Lean is about productivity first and foremost, and is about reducing ‘waste’ ONLY when AND if doing so does not impact the system productivity. In other words, in Lean ‘waste reduction’ is far less important than system improvement, but for whatever reason we get hung up on waste – especially when bashing others. We reduce waste to improve the system – waste reduction is not our goal it is just a tool to help us.

Is Estimation waste?

Is Estimation waste?  The short answer is yes, but that is only part of the truth.  Lean considers waste to be activities that do not directly add value to your product and can be considered either ‘Necessary Waste’ or ‘Pure Waste’.

Waste covers a whole host of things, but waste includes: Planning, testing, reporting, breaks, vacation, sickness, and a great deal of other things far too many to mention.

So calling Estimation ‘waste’ is akin to calling Planning ‘waste’, if we were to eliminate say planning and testing in an effort to reduce waste, we would very likely cause more and worse waste by producing the wrong thing (over production waste), in the wrong order(over production), or poor quality (rework waste).

In other words not all waste is bad and not all waste should be removed – simply calling something ‘waste‘ does not help the conversation.

Sometimes a little waste now can save a lot of waste later.

8 wastes

Is it beneficial?

The real question is whether the activity helps the system? and as a follow-up, is there a better way of achieving the same thing?

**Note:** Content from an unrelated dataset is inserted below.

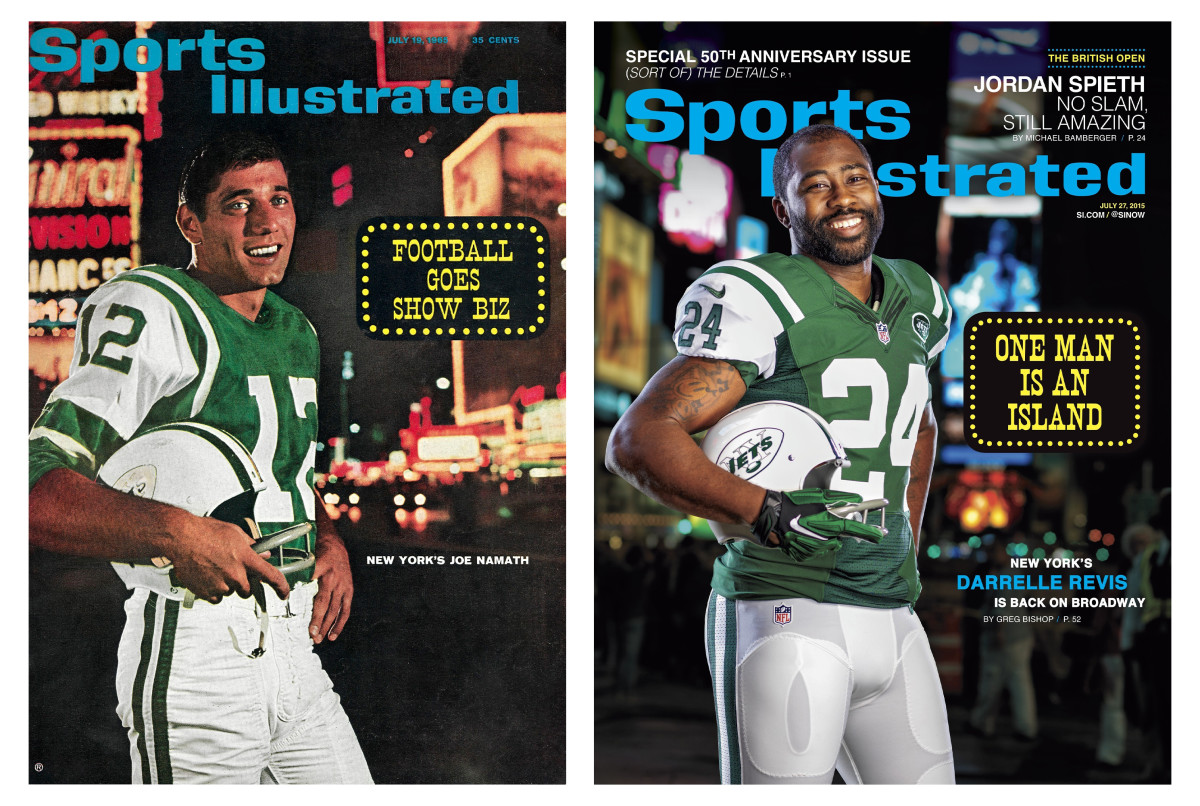 SI covers of Joe Namath and Darrelle Revis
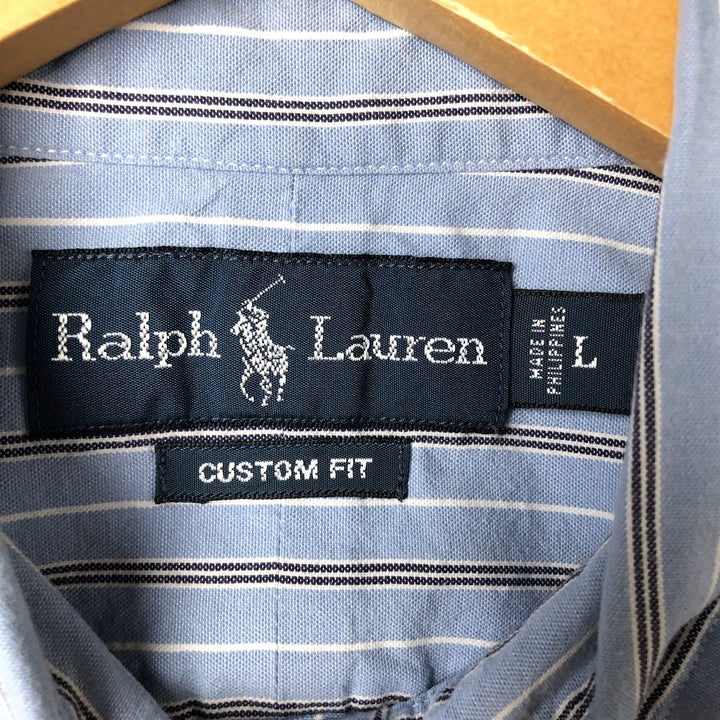 Ralph Lauren CUSTOM FIT long sleeve button down striped shirt men's size L cotton blue type Vintage Second Hand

Questions to ask when considering waste:

  1. Does this activity help the system to be productive now and in the future? (Would removing it impact our productivity)
  2. Is there a better was to achieve the same outcome?

I can’t answer the question of whether Estimation is beneficial in your system, because every system is unique, if you are using estimation for forecasting purposes then I’d suggest that there may be alternative solutions that are better and #NoEstimates may be a good place to start.  But forecasting is only one use of an estimate, your system may find that estimates are beneficial it is for you to decide.

Next time you see someone use blanket statements that eliminating ‘waste’ as an absolute and unqualified justification for not doing something, please challenge them to qualify their statement. Remember that waste is often necessary, our goal is more often to improve or understand the wasteful activity rather than eliminate it entirely.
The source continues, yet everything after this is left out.